Demeris felt a tremor of alarm. He knew Tom was restless and troubled, but he didn’t think he was actually disturbed. “Have you any reason to think Tom would want to stay over here for good?”
“I didn’t say I did. But he might just prefer not to be found. A lot of boys come across and stay across, you know.”
“I didn’t know. Nobody I ever heard of did that. Why would someone from Free Country want to live on the Spook side?
“For the excitement?” she suggested. “To run with the Spooks? To play their games? To hunt their animals? There’s all sorts of minglings going on these days.”
“Is that so,” he said uneasily. He stared at the back of her head. She was so damned odd, he thought, such a fucking mystery.
She said, sounding very far away, “I wonder about marrying.” Back to that again. “What it’s like, waking up next to the same person every day, day after day. Sharing your life, year after year. It sounds very beautiful. But also kind of strange. It isn’t easy for me to imagine what it might be like.”
“Don’t they have marriage in Spook City?”
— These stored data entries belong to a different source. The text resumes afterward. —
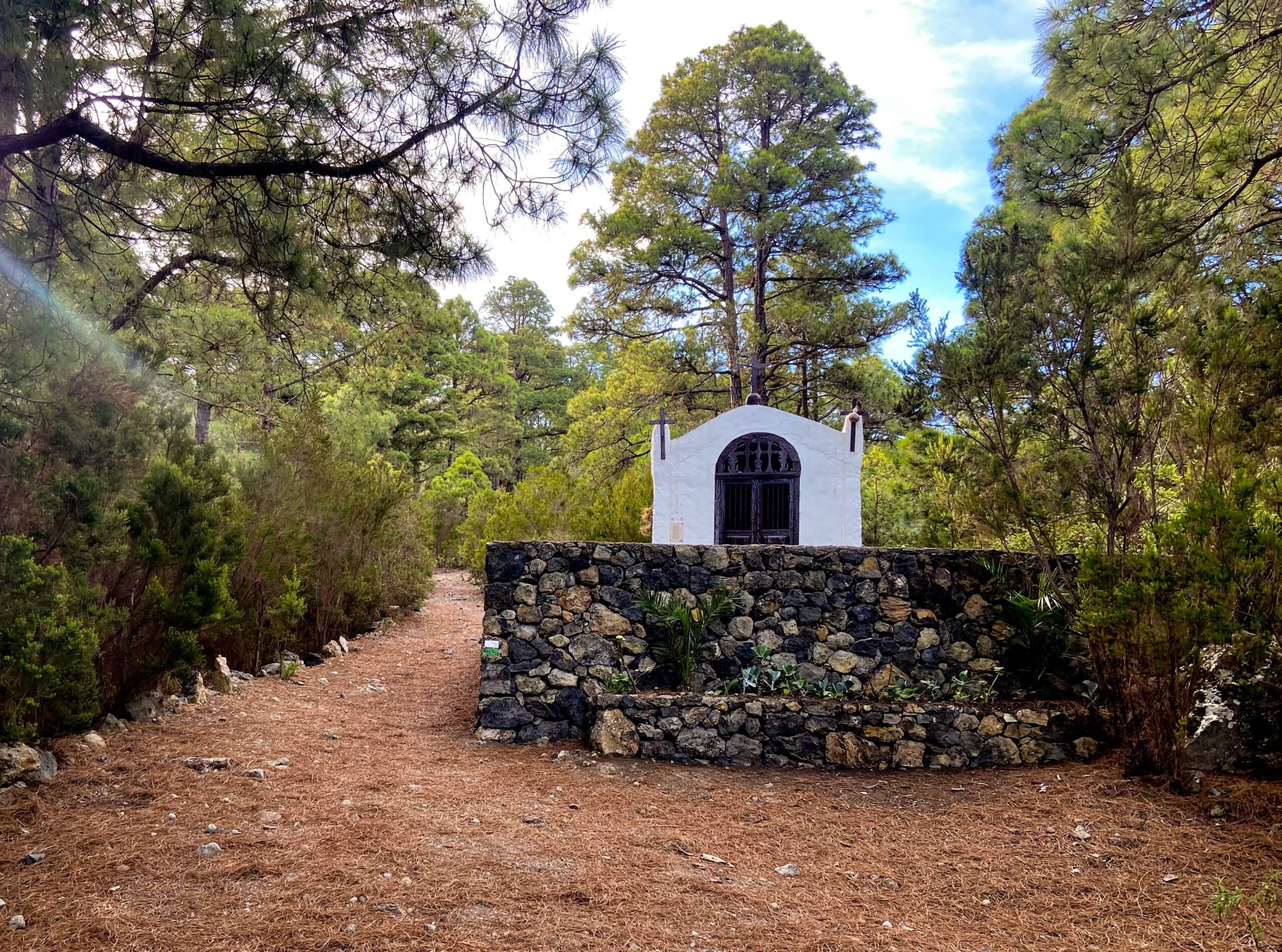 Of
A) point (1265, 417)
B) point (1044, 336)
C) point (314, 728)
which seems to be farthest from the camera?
point (314, 728)

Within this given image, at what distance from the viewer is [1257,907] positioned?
2.93 m

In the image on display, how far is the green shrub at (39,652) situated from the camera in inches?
130

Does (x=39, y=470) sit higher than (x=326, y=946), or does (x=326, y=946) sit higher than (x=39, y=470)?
(x=39, y=470)

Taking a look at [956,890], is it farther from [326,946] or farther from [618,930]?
[326,946]

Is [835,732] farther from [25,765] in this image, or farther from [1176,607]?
[25,765]

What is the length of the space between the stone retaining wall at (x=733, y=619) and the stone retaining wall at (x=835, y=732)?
361 mm

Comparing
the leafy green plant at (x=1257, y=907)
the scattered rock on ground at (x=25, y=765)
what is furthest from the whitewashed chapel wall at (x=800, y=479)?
the scattered rock on ground at (x=25, y=765)

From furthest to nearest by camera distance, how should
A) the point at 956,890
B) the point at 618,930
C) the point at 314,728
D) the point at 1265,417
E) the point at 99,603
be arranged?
the point at 314,728, the point at 99,603, the point at 1265,417, the point at 956,890, the point at 618,930

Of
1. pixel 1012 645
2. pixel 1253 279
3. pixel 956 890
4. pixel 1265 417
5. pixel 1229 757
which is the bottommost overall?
pixel 956 890

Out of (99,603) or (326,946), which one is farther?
(99,603)

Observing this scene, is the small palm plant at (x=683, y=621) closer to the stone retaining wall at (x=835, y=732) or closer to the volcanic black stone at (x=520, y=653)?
the stone retaining wall at (x=835, y=732)

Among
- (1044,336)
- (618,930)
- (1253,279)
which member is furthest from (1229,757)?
(618,930)

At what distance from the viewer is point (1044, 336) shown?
15.8ft

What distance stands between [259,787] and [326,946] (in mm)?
1802
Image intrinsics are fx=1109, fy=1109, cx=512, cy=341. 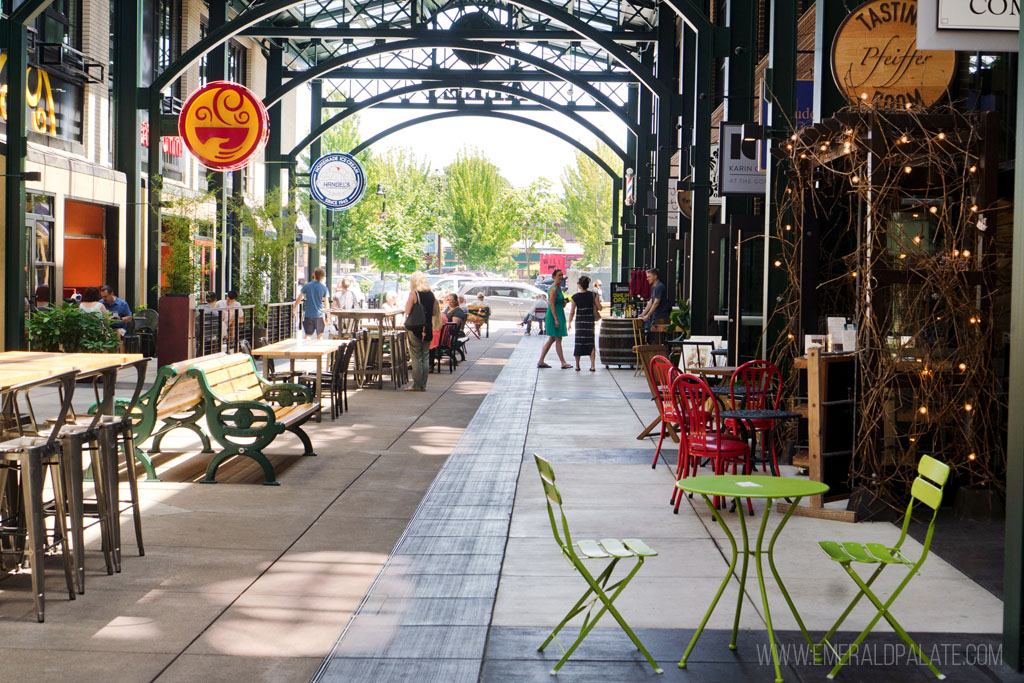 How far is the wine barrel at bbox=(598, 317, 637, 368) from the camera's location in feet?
68.1

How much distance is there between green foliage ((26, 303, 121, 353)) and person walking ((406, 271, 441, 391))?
4.05m

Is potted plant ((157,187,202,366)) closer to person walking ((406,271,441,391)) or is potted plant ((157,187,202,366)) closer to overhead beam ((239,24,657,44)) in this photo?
person walking ((406,271,441,391))

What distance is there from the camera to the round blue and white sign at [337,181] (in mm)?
26766

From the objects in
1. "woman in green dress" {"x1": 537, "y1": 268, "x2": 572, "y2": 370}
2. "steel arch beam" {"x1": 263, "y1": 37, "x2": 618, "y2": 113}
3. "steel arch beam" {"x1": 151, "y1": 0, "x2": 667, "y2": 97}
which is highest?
"steel arch beam" {"x1": 263, "y1": 37, "x2": 618, "y2": 113}

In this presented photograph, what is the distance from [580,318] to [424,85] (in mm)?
12306

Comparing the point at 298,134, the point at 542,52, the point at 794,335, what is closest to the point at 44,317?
the point at 794,335

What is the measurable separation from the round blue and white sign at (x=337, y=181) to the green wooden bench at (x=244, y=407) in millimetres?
16547

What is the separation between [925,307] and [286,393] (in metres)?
5.53

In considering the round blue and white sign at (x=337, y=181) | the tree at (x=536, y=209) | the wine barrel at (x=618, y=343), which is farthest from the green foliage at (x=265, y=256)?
the tree at (x=536, y=209)

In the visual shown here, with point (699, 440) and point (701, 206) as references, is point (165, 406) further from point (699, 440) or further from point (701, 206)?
point (701, 206)

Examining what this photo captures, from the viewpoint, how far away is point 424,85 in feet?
97.7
“Not really. Not the way you people do.”
“Well, why don’t you try it and see? You don’t like it, there are ways to get out of it. Nobody I know thinks that being married is any way strange. Christ, I bet whatever the Spooks do is five hundred times as strange, and you probably think that it’s the most normal thing in the world.”
“Spooks don’t marry. They don’t even have sex, really. What I hear, it’s more like the way fishes do it, no direct contact at all.”
“That sounds terrifically appealing. I’d really love to try something like that. All I need is a cute Spook to try it with.” He attempted to keep it light. But she glanced around at him.
“Still suspicious, Nick?”
He let that go by. “Listen, you could always take a fling at getting married for a while, couldn’t you?” he said. “If you’re all that curious about finding out what it’s like.”
“Is that an offer, Nick?”
“No,” he said. “Hardly. Just a suggestion.”
An hour after they set out that morning they passed a site where there was a peculiar purple depression about a hundred yards across at its thickest point. It was vaguely turtle-shaped, a long oval with four stubby projections at the corners and one at each end. “What the devil is that?” Demeris asked. “A Spook graveyard?”